14 DNS Nerds Don't Control The Internet
You’re reading this page because you’ve suggested that “14 people control the Internet through the DNSSEC root keys”. If you’re unlucky, you might be a journalist preparing a story about those people. Stop!
DNSSEC doesn’t do anything. Dramatic ceremonies notwithstanding, if the secret DNSSEC keys leaked on Pastebin tomorrow, it’s unlikely that anything would break.
Practically all commerce on the Internet happens without DNSSEC. Web browsers don’t support it. or DANE, the DNSSEC-based replacement for certificate authorities. Most DNS domains don’t either. If you log in to your online banking and wire money to Transnistria, no DNSSEC will happen.
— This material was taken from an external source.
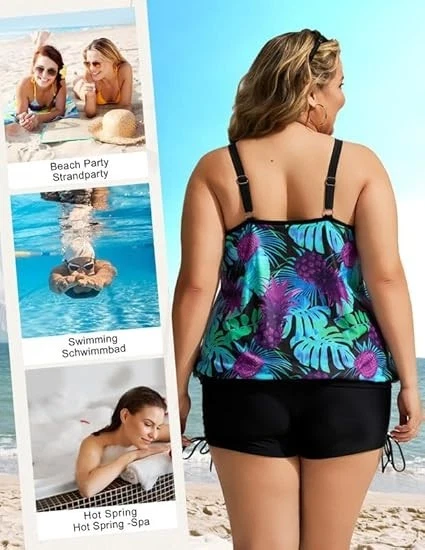 Hanna Nikole Tankini High Waist Swimsuit Tummy Control with Swim Shorts UK 12-14 - Image 4 of 4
Maybe you have a source suggesting otherwise. Ask them to be specific. For instance: of the 5 largest US banks, which of them are enrolled in DNSSEC? After reading this, I’ll bet you can guess the answer. Are the banks just stupid? No: they have some of the best security teams in the world, and they think DNSSEC is a bad idea.
Isn’t it a big deal that the Internet’s DNS lookups are protected? Nope. The architects of the web’s security protocols assumed that the DNS would be insecure. When technologists discuss “certificates” and “certificate authorities”, (and “HSTS” and “HPKP” and I can go on but I won’t) they’re talking about cryptography built to work around the insecure DNS. The Internet works fine without DNSSEC.
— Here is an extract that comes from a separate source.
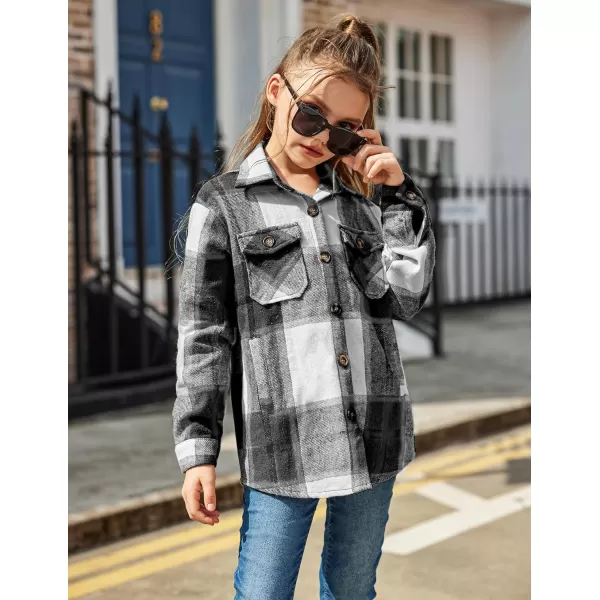 Arshiner Girls Flannel Plaid Jackets Button Down Long Sleeve Shirts Blouses Tops with Pockets Outfits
Of course, this pretty much has to be true. .COM didn’t support DNSSEC until Spring 2011. Global commerce migrated online many years before that. If DNSSEC is so important, how did this stuff work before 2011?
If DNSSEC is so pointless, why do people care about it so much?
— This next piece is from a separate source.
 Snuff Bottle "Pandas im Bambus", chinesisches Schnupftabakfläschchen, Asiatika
A funny thing happened between 1994 and 2011, while the IETF worked furiously to design DNSSEC: we figured out how to secure the Internet without securing the DNS. The market moved faster than the standard, and the standard was left struggling for a reason to exist. Hundreds of people have invested their reputations in DNSSEC and are loathe to see it fail. That’s unfortunate. But it’s also one of the oldest stories in technology standards.
There’s a real story in DNSSEC, but it’s not a happy one. To justify DNSSEC, standards groups hatched a plan to move the web’s security certificates into the DNS. With a secure DNS, the logic went, we’d no longer need to pay certificate authorities for SSL certificates. This scheme is called DANE.
DANE gives the power to create security certificates to whoever controls the DNS. The cryptographic keys in those certificates are an obstacle to government-sponsored dragnet surveillance. With DANE, guess who controls the certificates? Had DANE been deployed while he was alive, Muammar Gadaffi would have controlled the keys for BIT.LY. For GOOGLE.COM and APPLE.COM, that’d be the United States Government.
DNSSEC is the world’s most ambitious key escrow scheme: a backdoor that hands over control of Internet cryptography to world governments. Thankfully, it’s also a total market failure. We should hope it stays that way.